Nachdem Fernando Alonso sein Meisterstück perfekt gemacht hatte, feierten er und die Renault-Truppe eine rauschende WM-Party. Die Blauen begossen den historischen Triumph bis ins Morgengrauen. | Alonso-Interview

“Ich werde wohl erst in den nächsten zwei, drei Tagen realisieren, was ich da erreicht habe”, sagte Alonso, der nach dem Erfolg von Emotionen überwältigt wurde.  Der mit 24 Jahren und 58 Tagen jüngste Weltmeister der Formel-1-Geschichte hatte kurzfristig seinen für den Rennabend geplanten Rückflug auf Montagnachmittag verschoben, um ausgiebig feiern zu können. Einen leichten Schwips hatte der sonst so nüchterne Spanier schon nach dem Champagnergenuss auf dem Siegespodest.

Michael Schumacher gehörte zu den ersten Gratulanten von Alonso, der zuvor mit seinem dritten Platz in Sao Paulo eine taktisch brillante Maßarbeit abgeliefert hatte. Herzlich umarmte der alte den neuen Weltmeister und signalisierte ihm mit gestrecktem Daumen: “Du bist jetzt die Nummer 1.” Der entthronte Rekordchampion lobte seinen Nachfolger: “Fernando ist ein würdiger Weltmeister.” Trotz aller Wertschätzung für seinen Erben machte Schumacher klar, dass er das Ende seiner ein halbes Jahrzehnt währenden Regentschaft nicht als generelle Wachablösung verstanden wissen möchte, sondern die alte Hierarchie wieder herstellen will. Auch Alonso glaubt nicht, “dass nun eine neue Ära anbricht”. In jedem Jahr stelle sich die Konkurrenzsituation anders dar, und heute wisse keiner, wie das Kräfteverhältnis 2006 aussehe. Flavio Briatore wollte ebenfalls nicht von einer neuen Ära sprechen.

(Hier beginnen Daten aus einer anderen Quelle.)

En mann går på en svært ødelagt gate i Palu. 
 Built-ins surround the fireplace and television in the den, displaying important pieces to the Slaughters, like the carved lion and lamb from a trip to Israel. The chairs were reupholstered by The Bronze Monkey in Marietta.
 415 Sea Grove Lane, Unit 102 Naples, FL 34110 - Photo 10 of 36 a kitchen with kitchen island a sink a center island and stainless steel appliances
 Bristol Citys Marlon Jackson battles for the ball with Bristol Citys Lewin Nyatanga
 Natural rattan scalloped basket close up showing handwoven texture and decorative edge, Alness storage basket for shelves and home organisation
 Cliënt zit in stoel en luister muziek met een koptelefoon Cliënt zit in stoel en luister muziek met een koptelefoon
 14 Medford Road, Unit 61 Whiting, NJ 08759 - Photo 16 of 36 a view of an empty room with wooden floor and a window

Der Renault-Teamchef sprach seinem Schützling aber das Verdienst zu, die Formel 1 erneuert zu haben: “Fernando ist der Star der Zukunft.”

Der wegen seiner sieben technischen Defekte trotz bravouröser Gegenwehr und trotz des besten Autos im Titelrennen letztendlich chancenlose Kimi Räikkönen sieht das naturgemäß anders. “Gratulation an Fernando”, sagte der Finne. “Aber er soll sich gut auf einen harten Kampf für die restliche Saison und nächstes Jahr vorbereiten.” Brasilien-Sieger Juan Pablo Montoya reklamierte als Entschädigung wenigstens den Konstrukteurstitel für McLaren-Mercedes. Den selben Anspruch vertrat Alonso. In Sao Paulo habe er nichts riskieren wollen, erklärte er.

König Juan Carlos I., ein großer Alonso-Fan, Kronprinz Felipe und Ministerpräsident Jose Luis Rodriguez Zapatero beglückwünschten die neue spanische Sportikone per Telefon zum Triumph.